Over time, the resident becomes more responsible for recognizing triggers and managing the stresses of life. The more involved and informed a resident is in the course of his or her treatment, the more likely he or she will be able to use the Spring Lake experience beyond the Ranch to realize the dream of a richer life.
We employ Mary Ellen Copeland's Wellness Recovery Action Plan (WRAP) for both mental illness and dual diagnosis. This is a system of guided self-discovery, helping residents proactively manage their own wellness.
For people struggling with addiction, the Ranch offers a safe sober living environment, insulating people from the triggers that might otherwise pull them off their paths, giving them a chance to move into sobriety with a solid base in place.
Though our approach is largely humanistic, we recognize that psychiatric medications - used properly and thoughtfully - are an important tool for wellness. We handle all types of medications in close concert with our guest psychiatrist, who is available to meet with residents and their advising teams weekly and is on-call at any time of day or night.
We are fortunate to enjoy a working relationship with Beatrice Birch, a Hauschka Artistic therapist who offers accredited artistic therapy to our residents, enhancing the ongoing journey to tap inner resources for recovery.
Prevention being the best medicine, our trained medical staff, clinical coordinator, resident coordinators, and advisors work closely with each resident to help them manage symptoms, sidestep emergencies, and prevent hospitalization.
We recognize that residents need time for their own creative pursuits, to take the time to find a sense of self often lost through illness. At Spring Lake Ranch they have the opportunity to try new things or rekindle old passions.
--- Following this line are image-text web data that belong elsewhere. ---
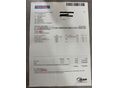 SUZUKI SWIFT 2013/1 - 17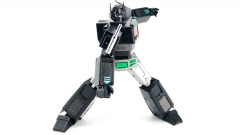 Magic Square Toys MS-01B Light of Freedom Black ver.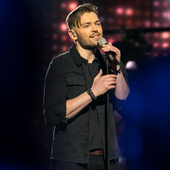 Jurijus Veklenko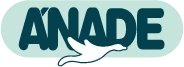 Anadeshop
The Ranch setting lends itself naturally to outdoor pursuits - hiking, snow shoeing, cross-country and downhill skiing, swimming, camping, canoeing. To add to the variety of physical activities, there is a gym with a newly-renovated fitness center, tennis court, basketball court, and game room with billiards and table tennis. For residents whose interests bend in other directions, there are facilities for pottery, yoga, music, sewing, knitting, and art, as well as a wood shop where folks can try out their skills.
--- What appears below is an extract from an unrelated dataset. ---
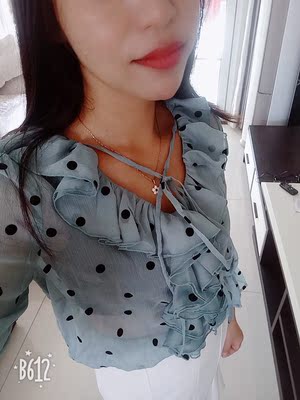 照片拍的不行，还是实物好看。下次还会光临的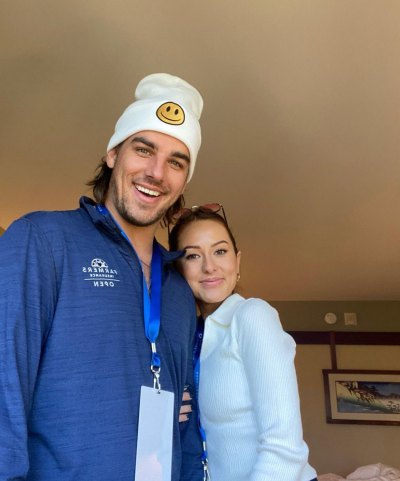 noah-abigail-engaged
With input from the Recreation staff, residents frequently plan and lead organized activities both on and off the Ranch. Access to events in Rutland and nearby towns include AA and NA meetings, theatre, concerts, movies, yoga classes, dances, and sporting events, as well as a casual cup of coffee with friends.
The Ranch is a working hill-farm located approximately 10 miles Southeast of Rutland, on the spine of Vermont's Green Mountains. Named for the idyllic spring-fed lake, Spring Lake Ranch is inspired by the nature around it, the 700 acres of forest and pastures from which we derive so much.
Each house is small, housing from two to eight residents. While common areas and bathrooms are shared, resident bedrooms are single and private, and are simply but thoughtfully furnished, often with Ranch-made furniture. All houses are staffed with House Advisors who not only sleep in the homes, but work on crew, offering residents round-the-clock support from people who really know them. Each house is more than just a place to sleep; it is a smaller culture within the Ranch, with regular house meetings to address issues, and house events like trips to town or movie nights. Nutritious and delicious meals at the Ranch often feature meat and produce from our own farm and gardens, and are prepared and served in our communal dining room.